Greg Monroe, above, and new teammate Josh Smith play the same position, power forward. (Clarence Tabb Jr. / Detroit News)
Milwaukee — It’s been a season of firsts for Greg Monroe, and none of them appear to be working in his favor, during the most important year in his career to date.
He’s playing for another new coach, Maurice Cheeks, with another point guard, Brandon Jennings, and before he got a chance to adjust to playing with a player he campaigned for the Pistons to draft, Andre Drummond, the team signed Josh Smith this offseason — a player whose who’s natural position is the same one Monroe plays now, power forward.
Now, he has to deal with concerns about his future in Detroit as he’s approaching restricted free agency in this coming July. After being viewed as a franchise staple for three years as the team rebounded and rebuilt, itself, outsiders see him as the piece that doesn’t fit alongside Drummond and Smith — which has led to speculation on whether he should be traded.

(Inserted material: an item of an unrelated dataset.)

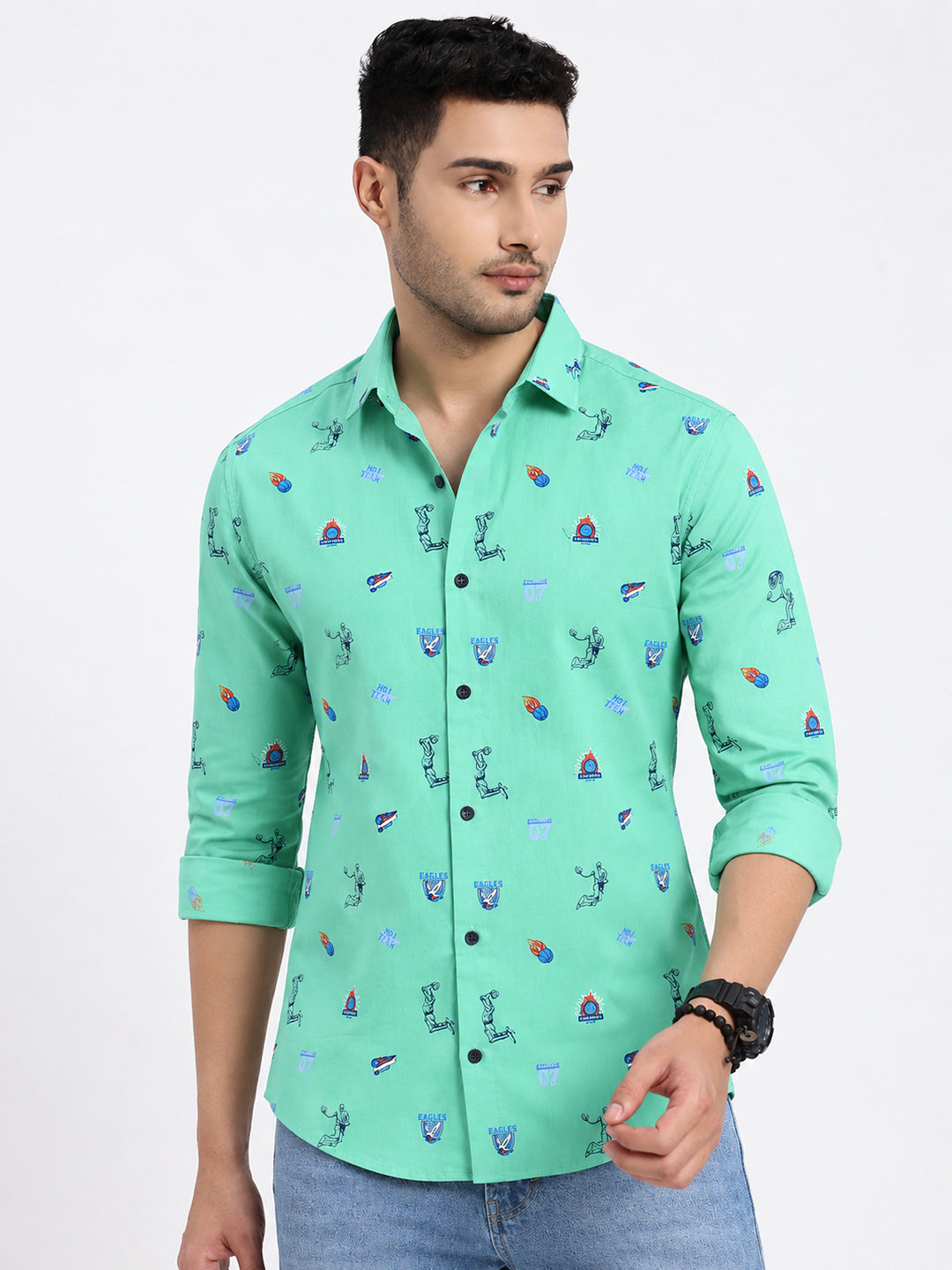 Men’s Graphic Printed Green Slim Fit Long Sleeves Casual Shirt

It’s going to be tough to establish his market value this summer. Young, productive bigs usually don’t hit the market and, if they do, the price is at a premium. Draftmates DeMarcus Cousins received a max contract, and Utah’s Derrick Favors signed an extension that averages around $12.5 million annually.
Monroe has historically been a better player than Favors, who averaged 9.4 points and 7.1 rebounds last season before coming on this year, averaging 13.5 points and 9.1 boards. Monroe averaged 16 points and 9.6 rebounds last year and is at 14.2 and 8.7 this season, respectively. Wednesday night, he had 18 points and nine rebounds.
Monroe, 23, has admitted the talk has affected him a little. “It does, to be honest. We’re still trying to get things right, here,” he said. “To see that stuff … I just focus on what we’re doing here. I’m here. If that changes, then I’ll move forward. If it never does, I’ll focus on playing these games and trying to win these games.”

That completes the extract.